In 1992 we began to develop the Afghanistan screenplay for Oliver Stone. Early 1993 Oliver’s partner, Janet Yang contacted us about Eric Hamburg. At the time Eric was an aid to Rep. Lee Hamilton who was in charge of the committee dealing with the de-classification of the JFK assassination files. Eric met Oliver after the film JFK had forced Congress to reconsider how soon to declassify the files. Janet sent Eric’s resume and asked if he could be helpful in the background research for our screenplay. Eric was hired shortly after that. Before Eric left Washington for LA we filled him on our thesis.

Excerpt from letters to Eric:

June 14, 1993 “TEAM B, Nitze, Brzezinski and Casey are all of interest… Brzezinski figures prominently in the Afghan/Soviet crisis… The big issue here is when the US was feeding the rebels weapons… Amin went to Columbia in the late 50’s and early 60’s, a time when Brzezinski was also a professor. Read Garthoff and you will see how pivotal his relationship was to the Soviets being drawn in militarily in ‘79.”

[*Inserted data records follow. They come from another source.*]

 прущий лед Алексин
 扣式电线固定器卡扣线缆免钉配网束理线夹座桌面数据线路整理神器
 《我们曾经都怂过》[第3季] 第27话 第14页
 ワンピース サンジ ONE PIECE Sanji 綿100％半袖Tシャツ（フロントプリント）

July 15, 1993 “ABC linked the bombing of the World Trade Towers directly to the CIA and the Mujihadeen in a ground breaking piece that should provoke a full scale investigation of the CIA…there are specific examples where Brzezinski intentionally misrepresented to Carter what was going on….”

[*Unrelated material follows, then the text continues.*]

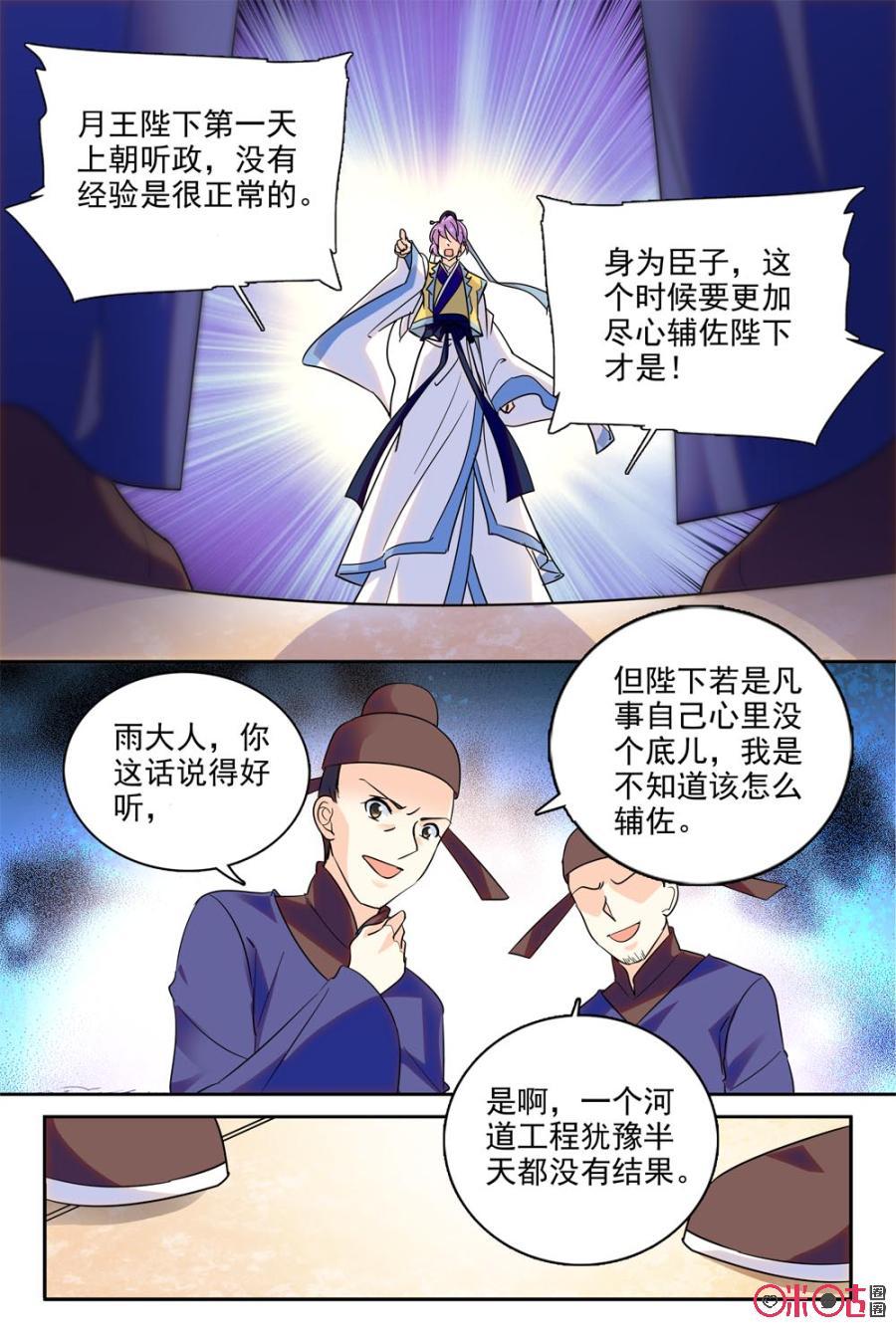 《月之国度》第110话(110话) 第11页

As we worked on the script we continued to update Eric until we took our rights back form Oliver to the Afghanistan Project early in 1996. As it turned out, we never received any help from Eric at all. Oliver made Eric’s film, Nixon in 1995.

Then in 1998, Carter’s national security advisor Zbigniew Brzezinski and former CIA director Robert Gates confirmed the crisis in Afghanistan was widened by a covert U.S. “operation” prior to the Soviet invasion. The plot was designed to trap the Soviets in their own Vietnam and then bleed them to death. According to Brzezinski “the operation was an excellent idea,” adding, “The effect was to draw the Russians into the Afghan trap.” (1/13/98 Agence France-Presse)

As early as 1998 our thesis, that a covert U.S. designed to trap the Soviets in their own Vietnam and then bleed them to death, was now part of the public record.

When Eric published his book JFK, Nixon, Oliver Stone & Me in October, 2002 he included this summary of the validity of our Afghanistan thesis.

Excerpt from Eric’s book

“Oliver’s fascination with Paul Nitze was related to another of his pet projects-the “Afghanistan Project.” This was to be a film based on Oliver’s belief that the CIA had actually induced or tricked the Soviet’s into invading Afghanistan, and that the war was actually the fault of the United States, not the Soviet Union. He believed that the CIA’s “Team B”-a group of hard-line cold warriors assembled by George Bush while he was the CIA director in 1976 and 1977-had drawn up this secret plan. Nitze, as a member of Team B was thus personally responsible for the Afghan War.

The flaw in this theory is that there is no evidence for it. The Soviets did not invade Afghanistan until the end of 1979, by which time Jimmy Carter was president. George Bush and Team B had long been purged from the CIA, and Nitze was out of government. Furthermore, Mikhail Gorbachev had written in his memoirs that the decision to invade Afghanistan was made by a small group consisting of Soviet leader Leonid Brezhnev and a few other top Soviet leaders. Even Gorbachev, who was a member of the Politburo himself, was not told about the decision until after the fact. Paul Nitze was not included in this decision.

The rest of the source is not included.